The league tried and rejected some other ideas, like allowing two strikes instead of three, three balls instead of four; permitting the manager only one visit to the mound before removing his pitcher.
Commissioner Frick has heard some rumbles in his poll about the excruciating length of today's games. Now he has the voice of experience to listen to.
Nicholas Rossolimo, the new American chess champion who finished ahead of Samuel Reshevsky in the Open at Long Beach, Calif., began his drive for the American title in 1952. He arrived in New York from Paris, bringing with him his French motorcycle, on which he planned to travel inexpensively from chess tournament to chess tournament, and also Mme. Rossolimo, a plump, pretty Frenchwoman, fortunately gifted with humor.
"Right away," said Rossolimo last week, "I see professional chess does not exist in the United States. I should start looking for a job." First, however,, he had a match with Arthur Bisguier at the Manhattan Chess Club (winning two and drawing two) and entered the masters' tournament in Havana that year, where he lost to both Reshevsky and the subsequent U.S. champion, Larry Evans. A volatile Frenchman of Greek and Russian descent, Rossolimo gave up college to play chess, became champion of Paris, champion of France and, finally, insofar as there is such a title, champion of non-Communist Europe.
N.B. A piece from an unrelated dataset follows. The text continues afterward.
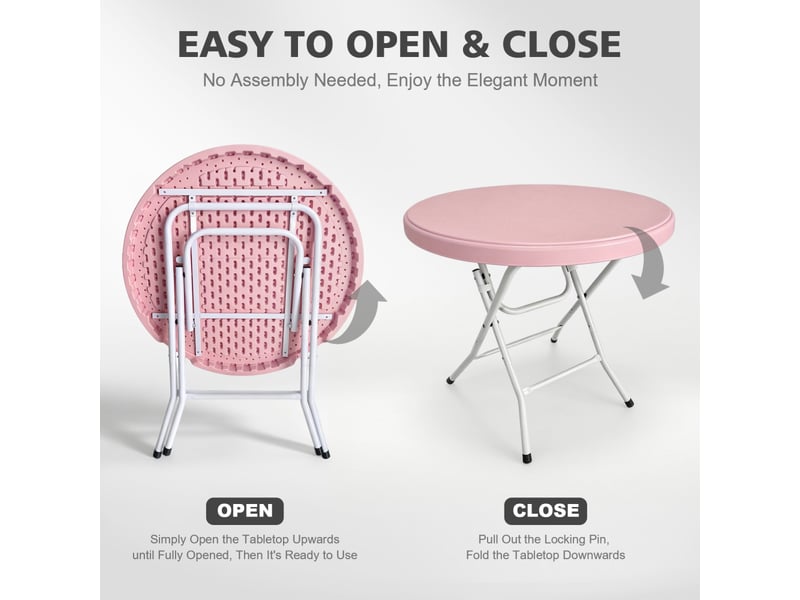  Table pliante ronde en hdpe avec piètement métallique repliable, montage sans outil, 80 cm, capacité 136 kg  - Conforama E
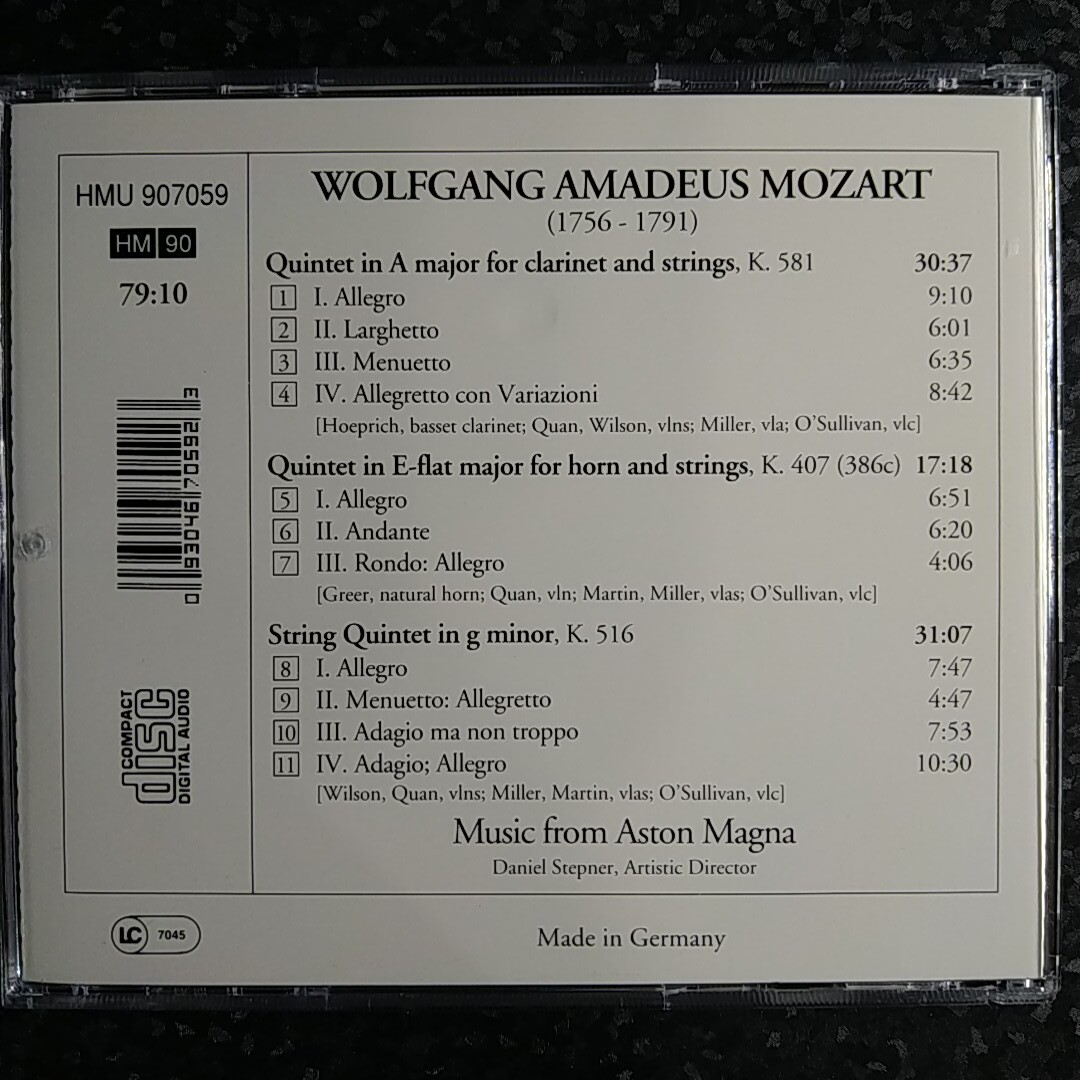 d（輸入盤）ミュージック・フロム・アストン・マグナ　モーツァルト　クラリネット五重奏曲　ホルン五重奏　Music from Aston Magna Mozart_画像2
In the U.S., after trials that would have appalled Horatio Alger, Rossolimo got a job as a bus boy at the Waldorf-Astoria. Mrs. Rossolimo became a waitress at a bar and grill. The only use Rossolimo could find for the motorcycle was to ride around dark Manhattan when the night's work at the hotel was over.
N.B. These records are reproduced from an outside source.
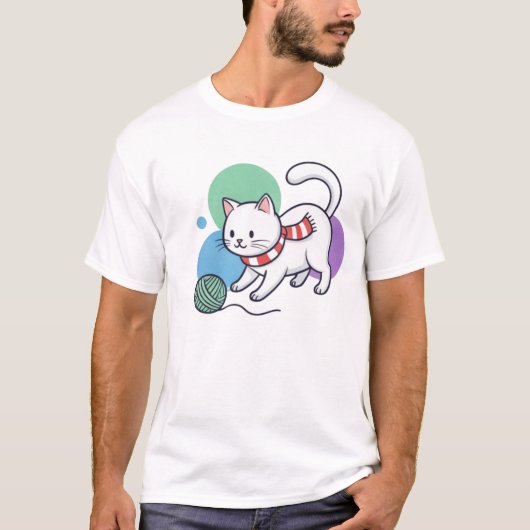 Playful White Cat with Yarn Tee T-shirt (Voorkant)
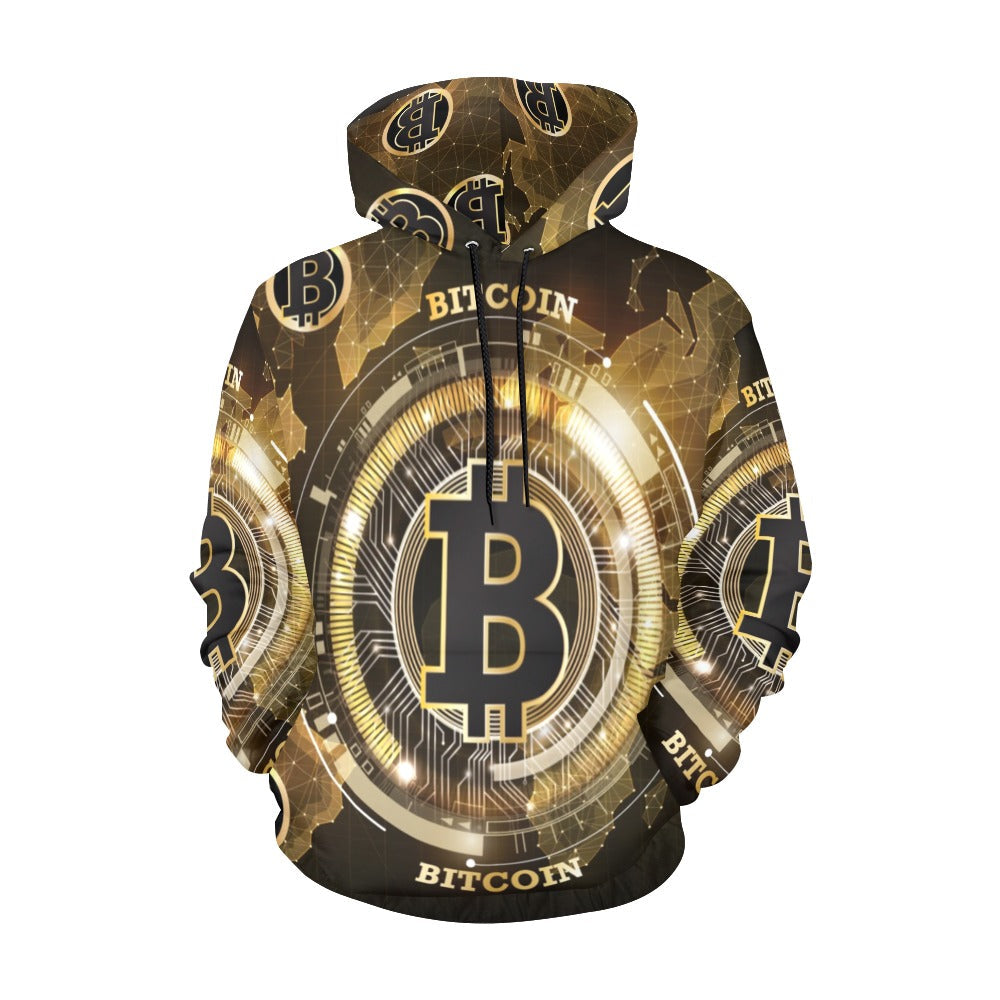 Bitcoin Digital Currency World Map All Over Print Hoodie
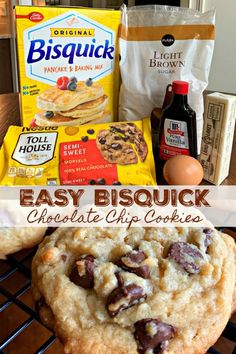 chocolate chip cookies, eggs, milk and other ingredients on a cooling rack with the words easy biscuit chocolate chip cookies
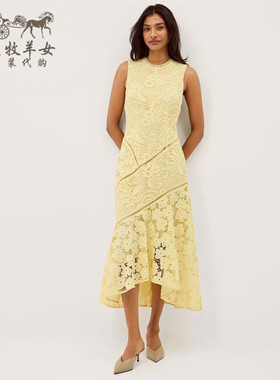 英国Monsoon代购 女装26春夏新款 黄色蕾丝无袖礼服中长裙连衣裙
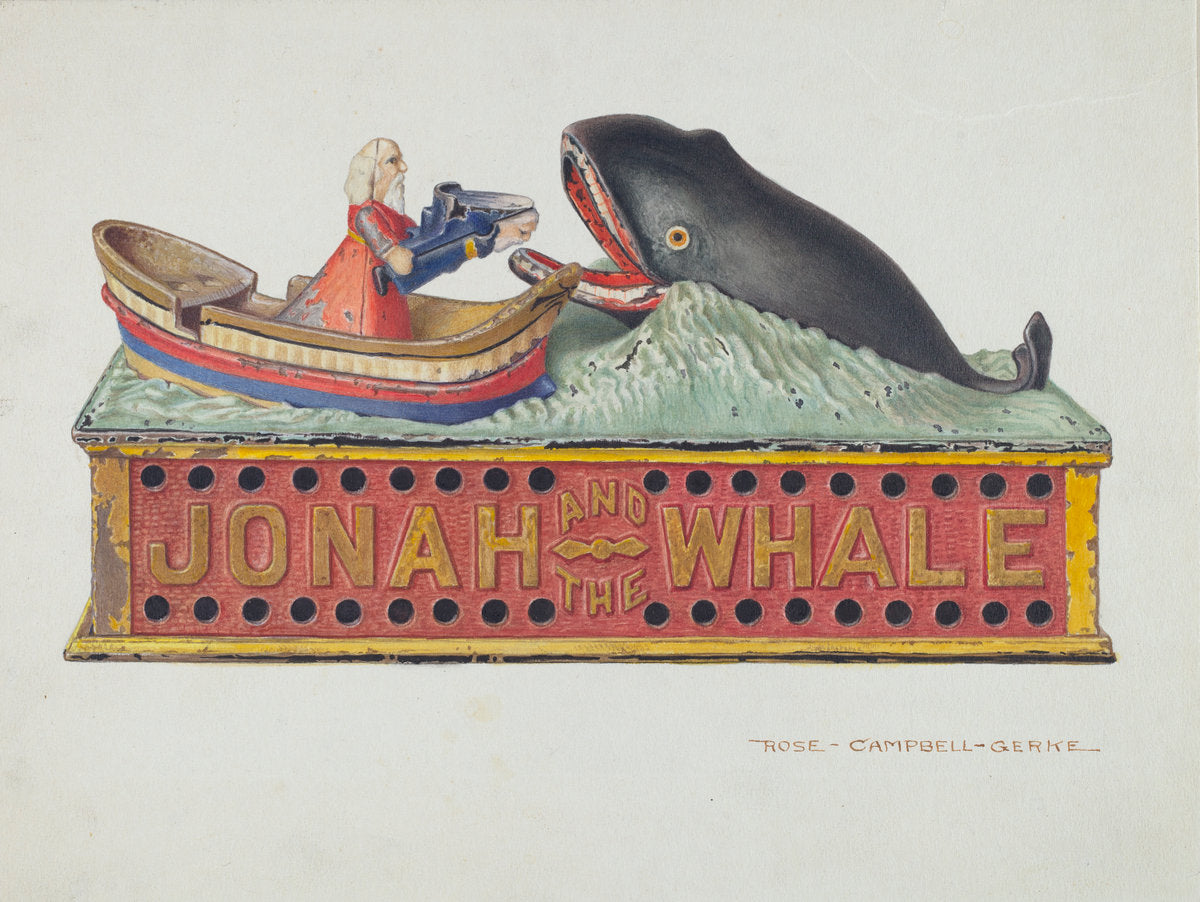 Toy Bank: "Jonah and the Whale" by Rose Campbell-Gerke (American, active c. 1935), 16X12"(A3)Poster Print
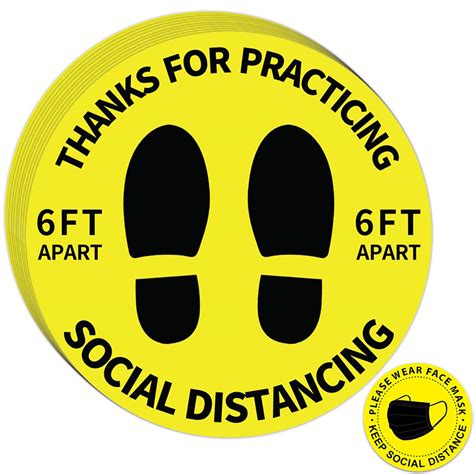 Buy Social Distance Floor Stickers 10 Pack 12 Inches Yellow Floor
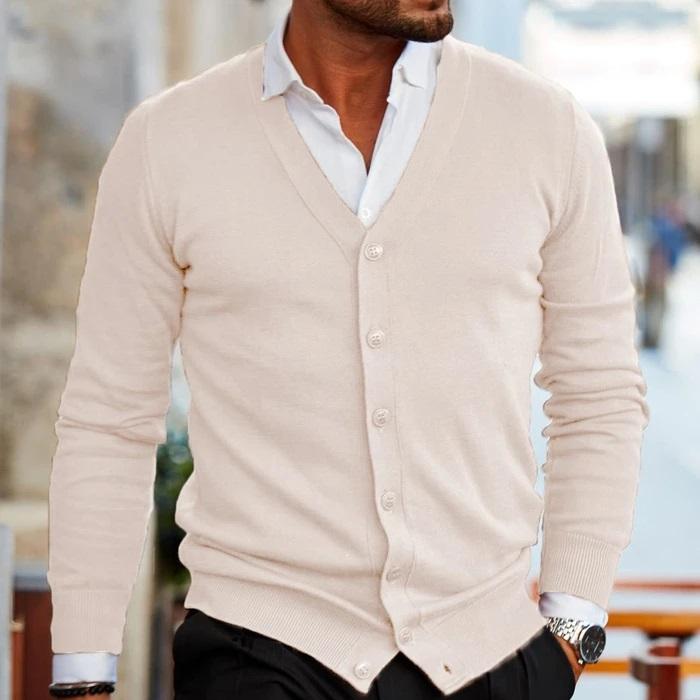 Cédric | Cardigan Classique Boutonné Col V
Now comes the hard part of the story. It is particularly difficult for people who do not know (or like) chess and will hardly be believed except by those who do. Rossolimo is a romantic. He plays an intuitive, imaginative game, as opposed to the cold, almost mathematical modern game at which logicians like Reshevsky excel. In Europe, Rossolimo was famous for his variations and his renovations of the old openings that modernists say have been discredited. His admirers consider him the greatest artist among living chess masters. Well, as Rossolimo packed trays of dirty dishes downstairs at the Waldorf, he concluded that the time had come for him to change his style. He decided to work out a simple, direct game with none of the fireworks that had won him 20 prizes in Europe.
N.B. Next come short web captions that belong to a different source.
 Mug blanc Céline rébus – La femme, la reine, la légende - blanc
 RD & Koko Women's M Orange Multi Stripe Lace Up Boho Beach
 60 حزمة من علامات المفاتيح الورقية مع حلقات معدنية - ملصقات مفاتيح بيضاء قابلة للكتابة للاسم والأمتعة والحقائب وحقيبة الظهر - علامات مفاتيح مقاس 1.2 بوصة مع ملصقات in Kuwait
His game suffered. We will skip over the tournaments he lost and also his chess club in Great Neck, Long Island. A prominent mail-box manufacturer, Nathan Hammer, backed him in the club, but there wasn't much interest in chess in Great Neck. Using the experience of his nocturnal motorcycle rides, Rossolimo became a New York cab driver. By the time the Long Beach Open started, Rossolimo had his new style under control. He had also gained 20 pounds.
In winning the American Open championship, Rossolimo won a new Buick. He sold it at once. He keeps his hack license (No. 40789) on the mantel of his Greenwich Village apartment, beside one of his father's paintings. Rossolimo's father was a pretty good artist, and his mother was an author and war correspondent. Her last book, written shortly before her death in 1952, was an account (in Russian) of the Russo-Japanese War. Rossolimo himself last week was straightening out the record of his games. A European paper printed a garbled account of his showing against the members of the American chess team who played in Moscow (Rossolimo himself was passed over in picking the squad). Adding them up, he found he had played 23 games with the members of the American team. He won 11, drew nine and lost three.
He is thinking of giving up taxi driving and going back to France.